You would think I would be smarter. When I did the psalms, I kept the data at the phrase level - too short in some ways, too long in others. I still have not developed a glossary for the psalms to see how concordant I have been as well as how slavish.
The Psalter kata Bob (available here - see the links on the right) was my first learning experience in Hebrew. Job now requires a glossary and eventually a justification for every gloss. But I have kept the Hebrew at the verse level making it very hard to automate a glossary, and no easy way to check English usage on a phrase by phrase basis. Hence the title of this post.
Today I went round the block with mercy, loving kindness and spare. There is a word whose consonants are darkness but it 'means' spare. I had carelessly used mercy instead of loving kindness for חסד, a word that is rare in Job (only 3 times). I say carelessly because חסד is a loaded covenant word and should be noted in this book which is in some sense as outside covenant as the psalms are in.
So I relieved חסד of mercy as its gloss and substituted 'loving kindness',
spared mercy for spare, and freed spare for another gloss.
Now I have to sort out calamity, burden, and destruction.

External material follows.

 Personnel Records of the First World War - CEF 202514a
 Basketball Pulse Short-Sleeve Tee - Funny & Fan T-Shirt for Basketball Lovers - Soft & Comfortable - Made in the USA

All this means that I have been re-glossing posts behind your backs!
I had rendered some words like איד with unnecessary variation. Now I have corrected the translations as follows:
משא which occurs once only (chapter 7) - is now a 'heavy load' - it is the load which Hashem bears for us and though Job cannot yet see this, his striving to express it creates its frame. To lift it requires נשא, a lifting up.
איד as burden - fits well in all its contexts (chapters 18, 21, 30, 31 - both theme and frame)
בלהה chapters 18, 24, 27, and 30 destruction
הוה chapters 6 and 30 calamity
Enough for now - every chapter I come across my impossible task.